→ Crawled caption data
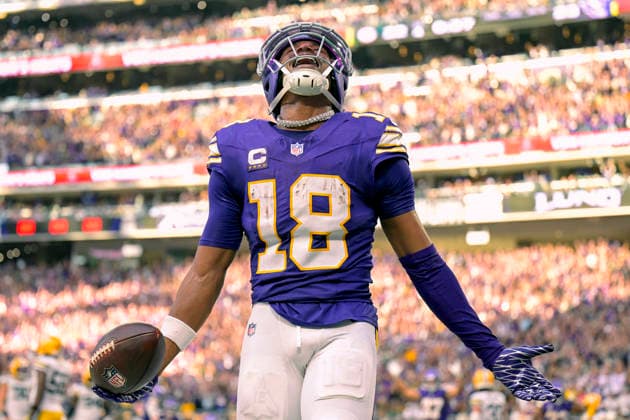 MINNEAPOLIS, MN - SEPTEMBER 13: Minnesota Vikings wide receiver Justin Jefferson (18) celebrates his 2-poing conversion during the fourth quarter of a NFL, American Football Herren, USA game between the Minnesota Vikings and Green Bay Packers on September 13, 2026, at U.S. Bank Stadium in Minneapolis MN. (Photo by Nick Wosika Icon Sportswire) NFL: SEP 13 Packers at Vikings EDITORIAL USE ONLY Icon20260913034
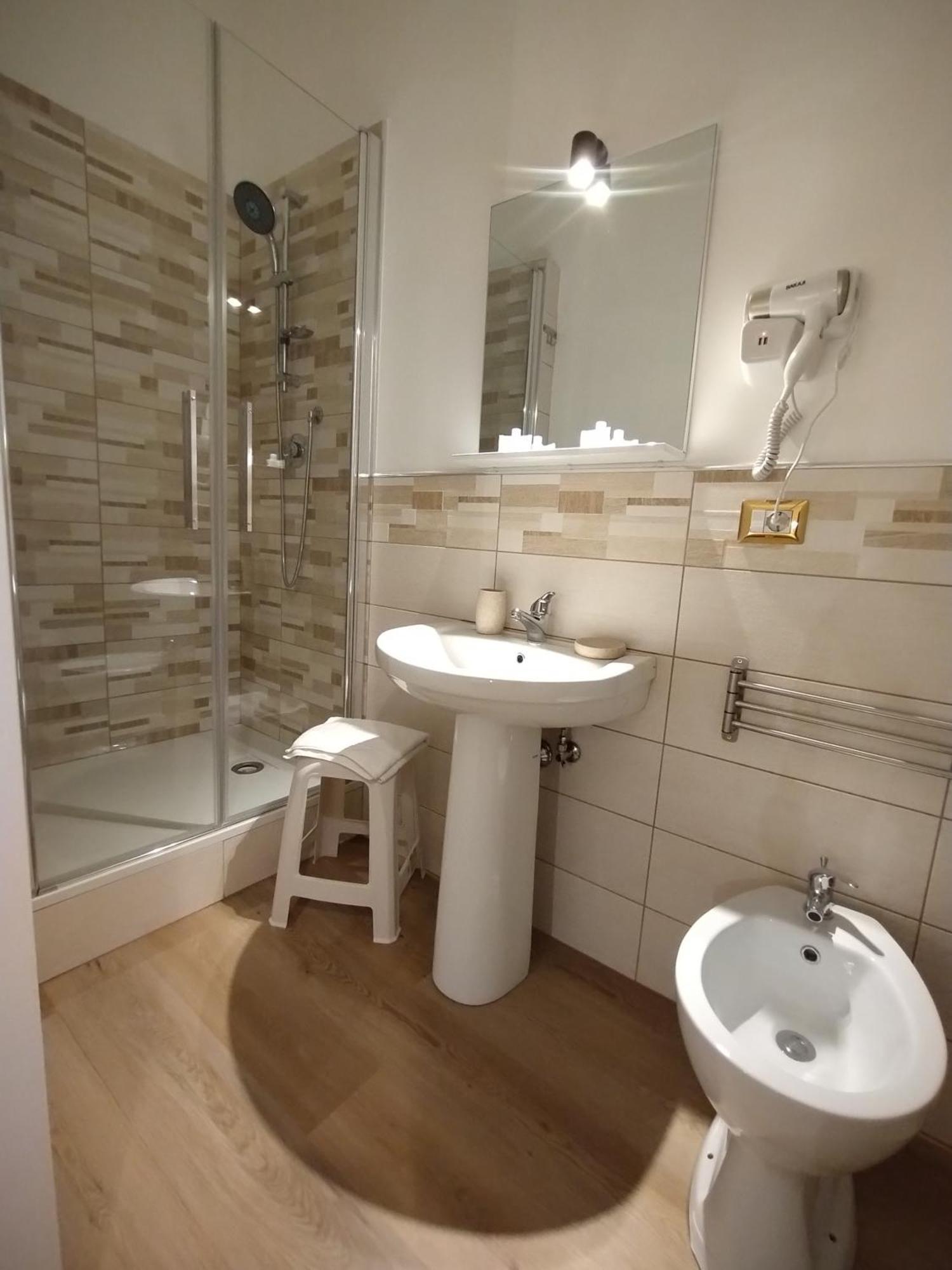 Suleima B&B Messina Centro Luaran gambar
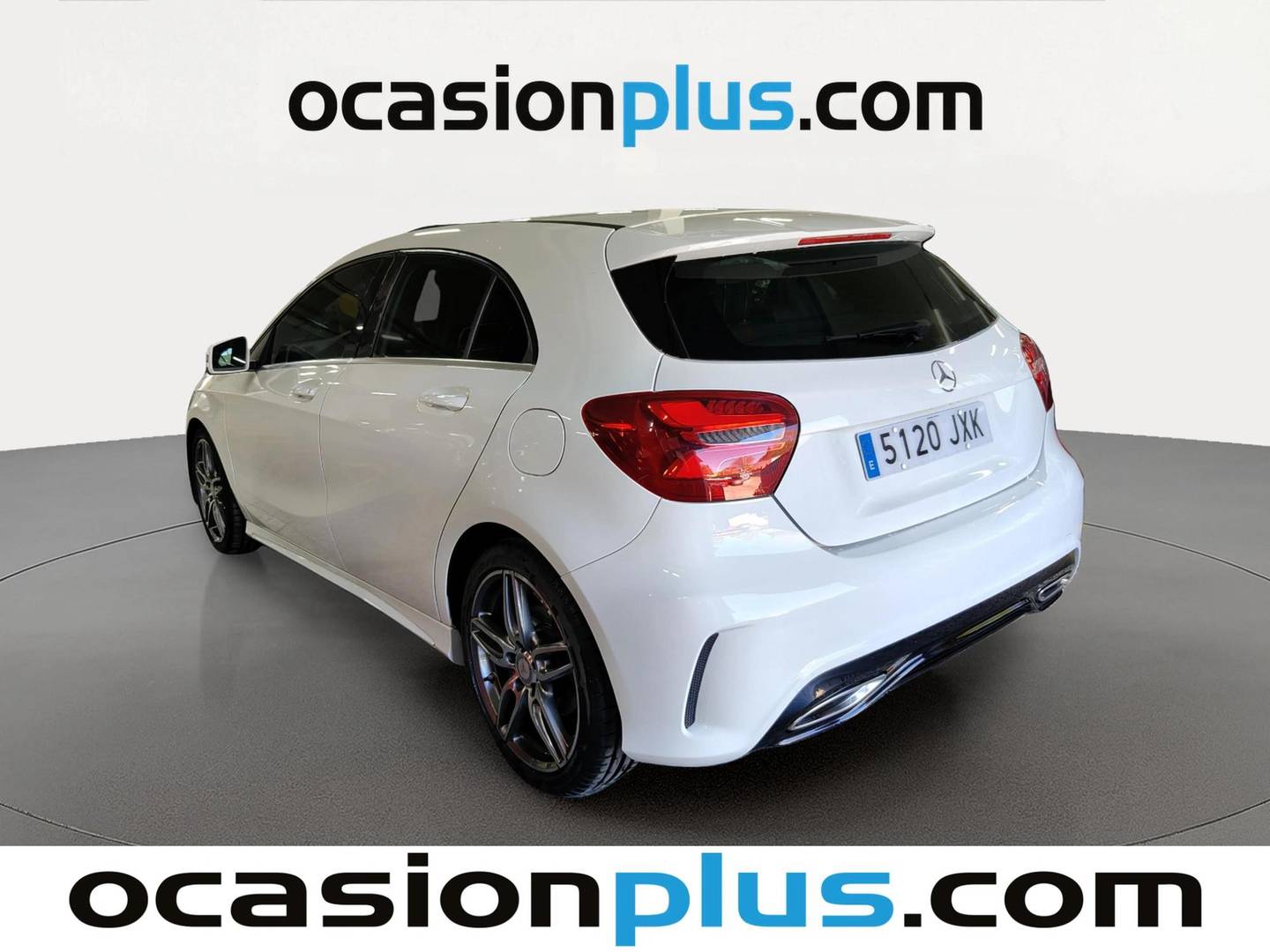 Foto trasera Mercedes Clase A Mercedes Clase A 200 d (136 CV) Pack AMG izquierda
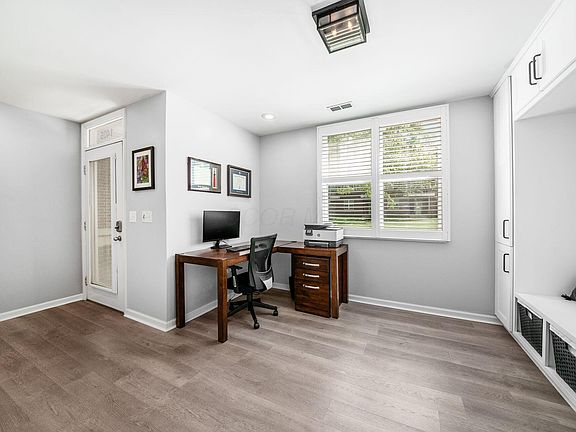 3rd image of 1405 Upper Green Cir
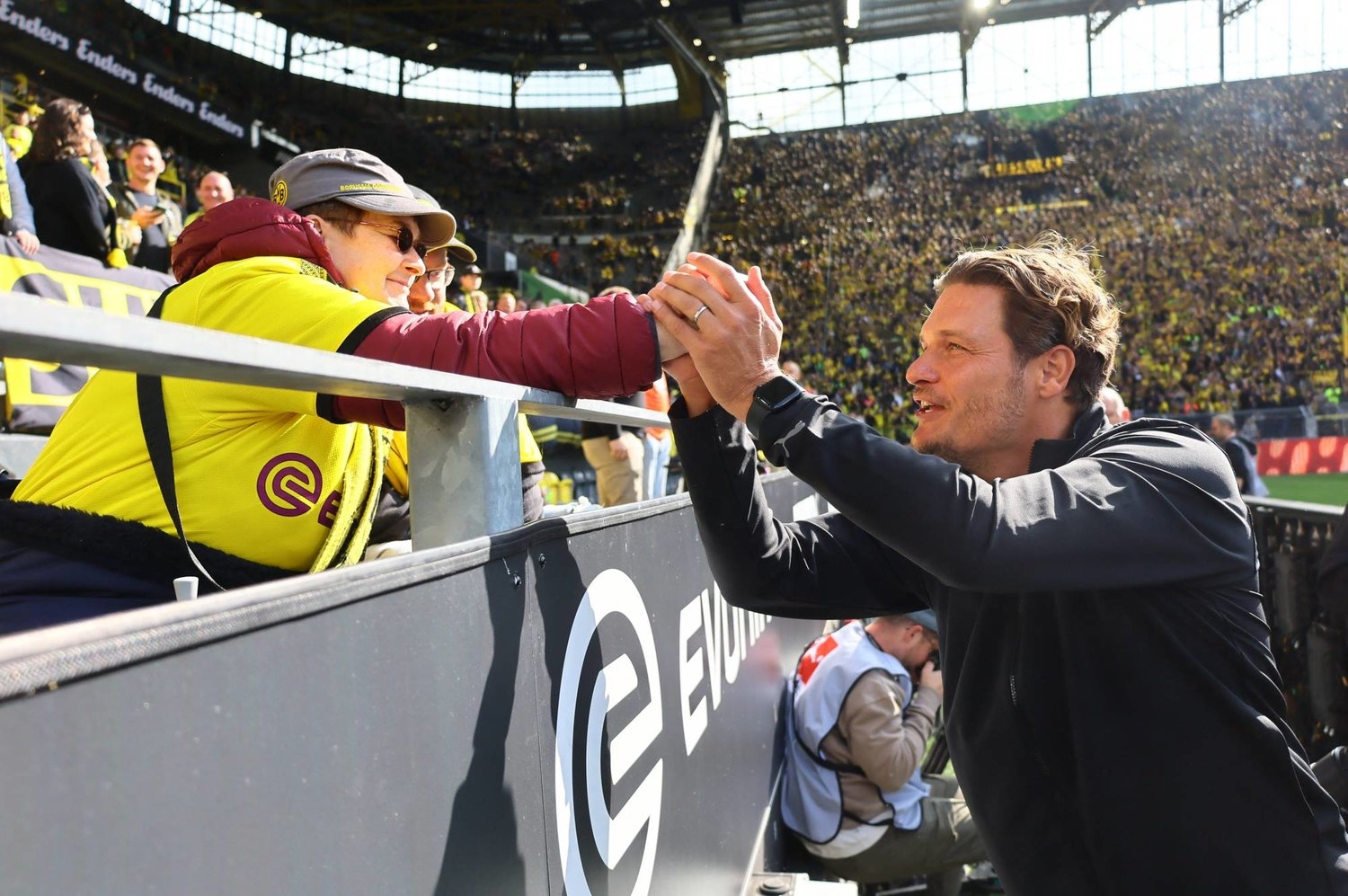 مدرب دورتموند يأمل في مواصلة تحقيق النتائج الإيجابية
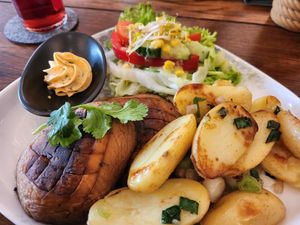 Portobello"steaks" mit Bratkartoffeln und Kräuter"butter" at Helgoländer Fährhaus in Heligoland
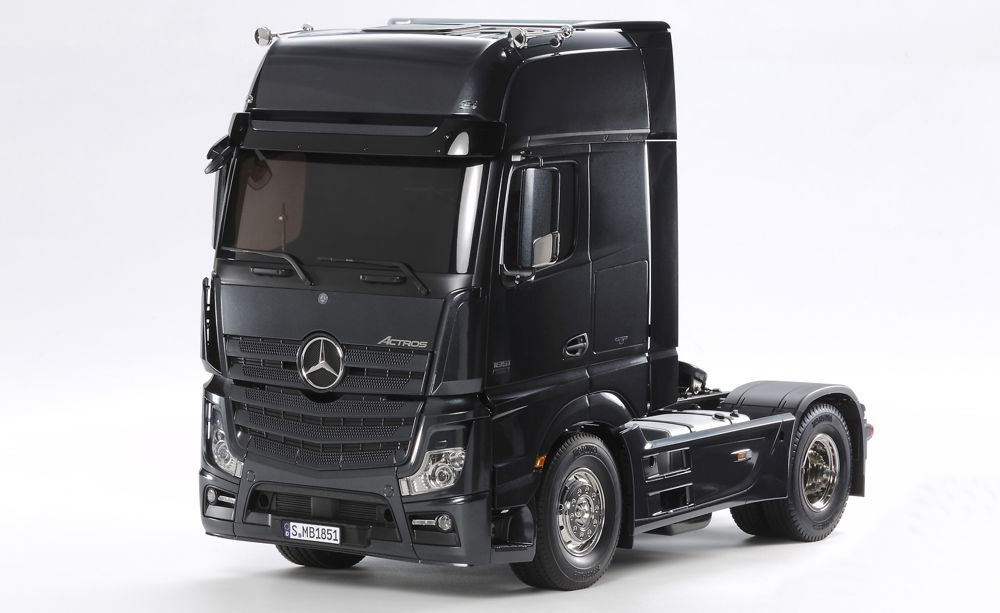 Tamiya 1/14 R/C Mercedes-Benz Actros 1851 GigaSpace (Black Edition)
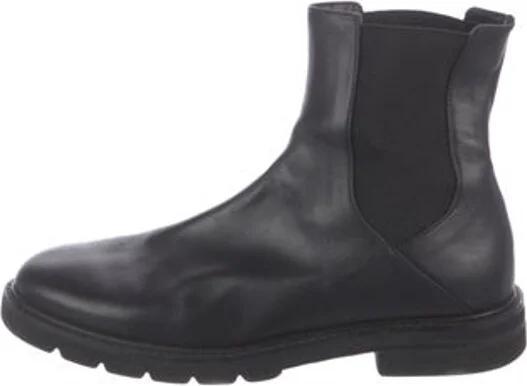 Stuart Weitzman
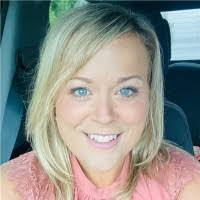 Lisa Riel's Instagram, Twitter & Facebook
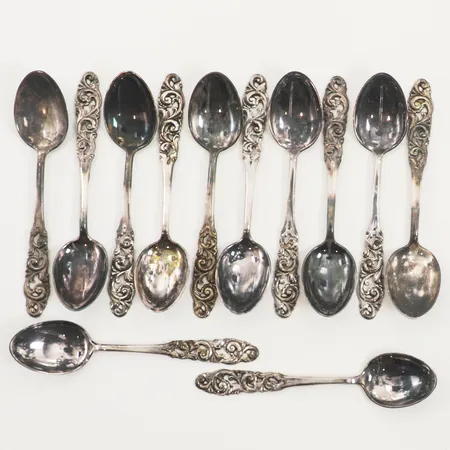 Tolv moccaskedar ca 10cm, Norskt Mönster, 830/1000 silver Vikt: 105 g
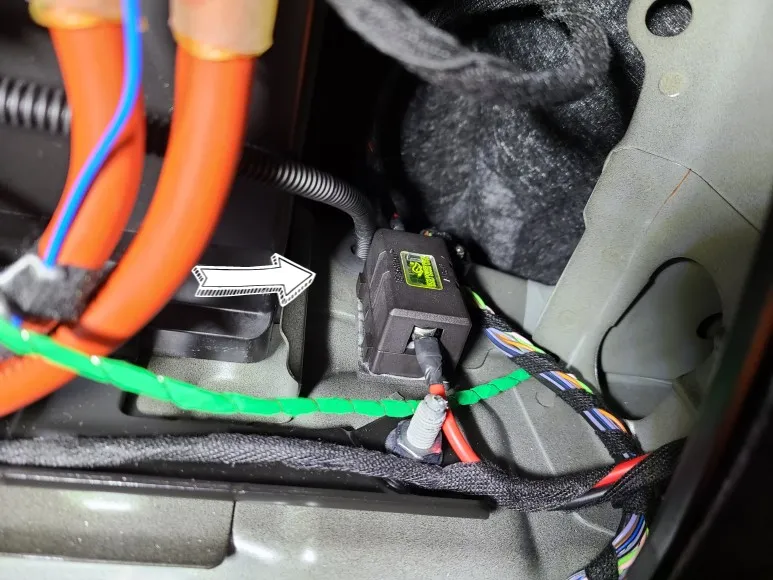 Audi A6 C8 dash cam - Audi A6 Dash Cam Installation & Review - Long-Term Parking Record photo 3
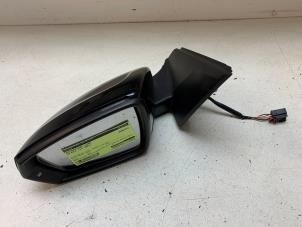 Begagnade Skärmspegel, vänster Volkswagen Polo VI (AW1) 1.0 TSI 12V Pris € 125,00 Marginaltabell erbjuds av Autodemontage van de Laar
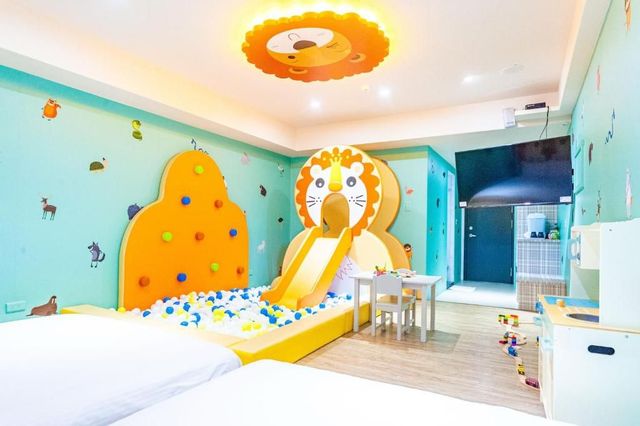 Toyfun Hotel ｜Luodong Night Market 5 minutes walk-406 Quadruple Room with Bath-8
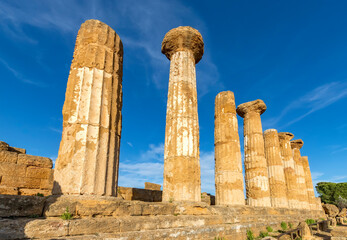 Columns of the Temple of Hercules (Tempio di Ercole) in the Valley of the Temples (Valle dei Templi) near Agrigento, Sicily, Italy - obrazy, fototapety, plakaty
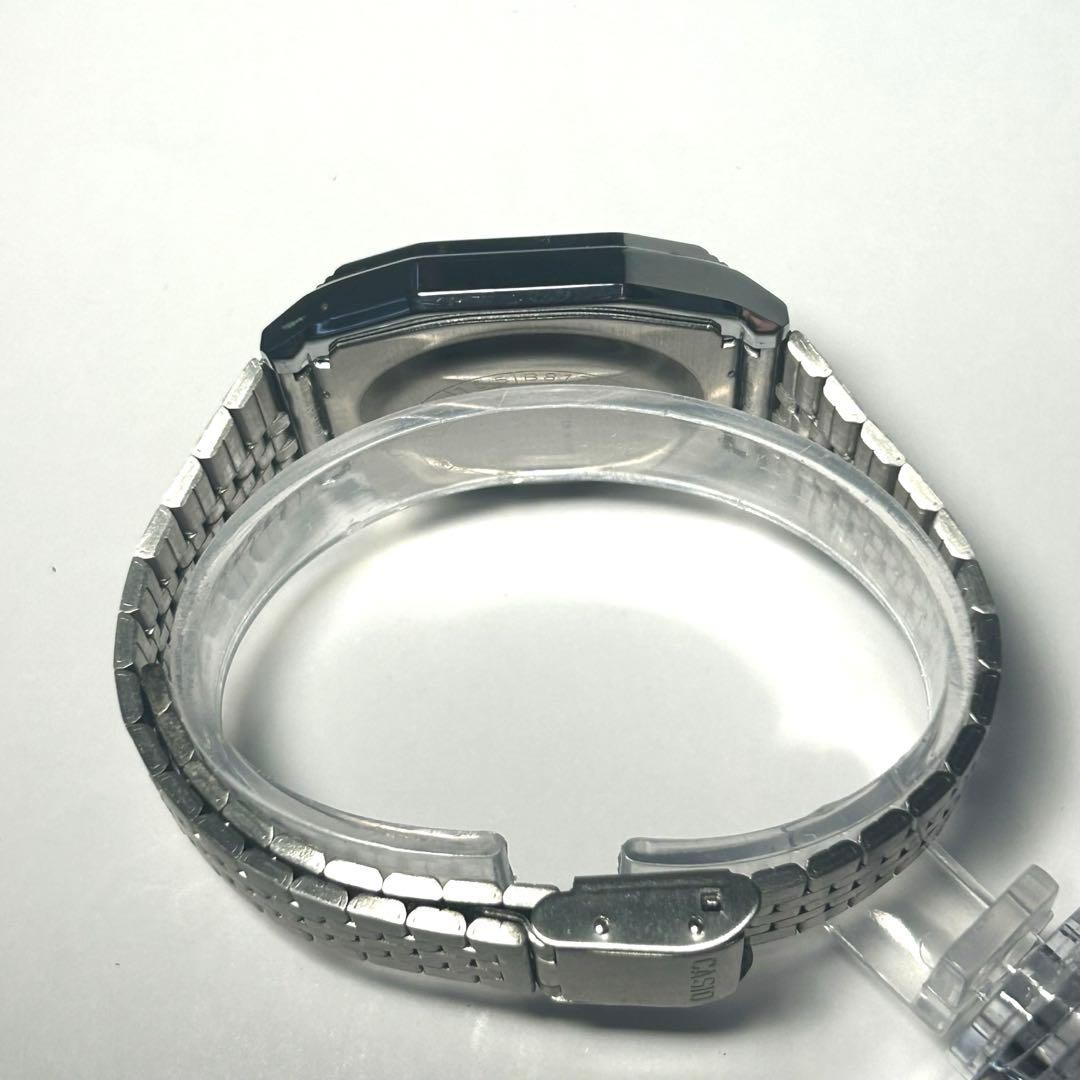 CASIO B817 80s “Old Cheap” Blue Vintage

→ BRIEF
Transcribe each record exactly as it appears, but omit every picture.

→ OUTPUT BELOW
 MINNEAPOLIS, MN - SEPTEMBER 13: Minnesota Vikings wide receiver Justin Jefferson (18) celebrates his 2-poing conversion during the fourth quarter of a NFL, American Football Herren, USA game between the Minnesota Vikings and Green Bay Packers on September 13, 2026, at U.S. Bank Stadium in Minneapolis MN. (Photo by Nick Wosika Icon Sportswire) NFL: SEP 13 Packers at Vikings EDITORIAL USE ONLY Icon20260913034
 Suleima B&B Messina Centro Luaran gambar
 Foto trasera Mercedes Clase A Mercedes Clase A 200 d (136 CV) Pack AMG izquierda
 3rd image of 1405 Upper Green Cir
 مدرب دورتموند يأمل في مواصلة تحقيق النتائج الإيجابية
 Portobello"steaks" mit Bratkartoffeln und Kräuter"butter" at Helgoländer Fährhaus in Heligoland
 Tamiya 1/14 R/C Mercedes-Benz Actros 1851 GigaSpace (Black Edition)
 Stuart Weitzman
 Lisa Riel's Instagram, Twitter & Facebook
 Tolv moccaskedar ca 10cm, Norskt Mönster, 830/1000 silver Vikt: 105 g
 Audi A6 C8 dash cam - Audi A6 Dash Cam Installation & Review - Long-Term Parking Record photo 3
 Begagnade Skärmspegel, vänster Volkswagen Polo VI (AW1) 1.0 TSI 12V Pris € 125,00 Marginaltabell erbjuds av Autodemontage van de Laar
 Toyfun Hotel ｜Luodong Night Market 5 minutes walk-406 Quadruple Room with Bath-8
 Columns of the Temple of Hercules (Tempio di Ercole) in the Valley of the Temples (Valle dei Templi) near Agrigento, Sicily, Italy - obrazy, fototapety, plakaty
 CASIO B817 80s “Old Cheap” Blue Vintage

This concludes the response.